* What to produce: Reproduce the listing exactly, with no pictures in your copy.

* Information provided:

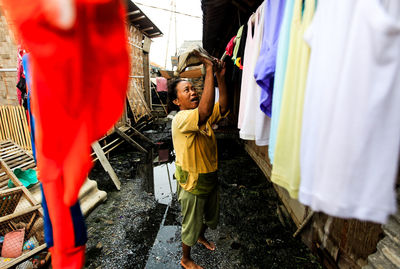 Side view of people standing on clothesline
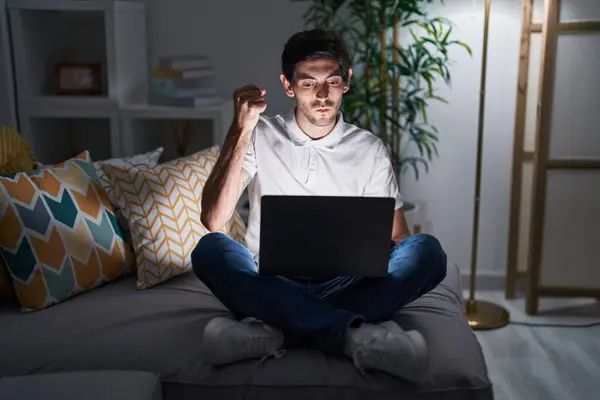 Young Hispanic Man Using Laptop Home Night Angry Mad Raising — Stock Photo, Image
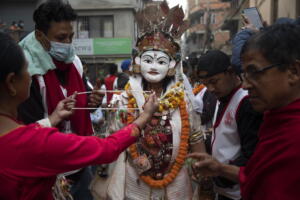  I devoti venerano un uomo che indossa una maschera religiosa adornandolo con collane durante il Naradevi Dance festival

* Exercise result:
 Side view of people standing on clothesline
 Young Hispanic Man Using Laptop Home Night Angry Mad Raising — Stock Photo, Image
  I devoti venerano un uomo che indossa una maschera religiosa adornandolo con collane durante il Naradevi Dance festival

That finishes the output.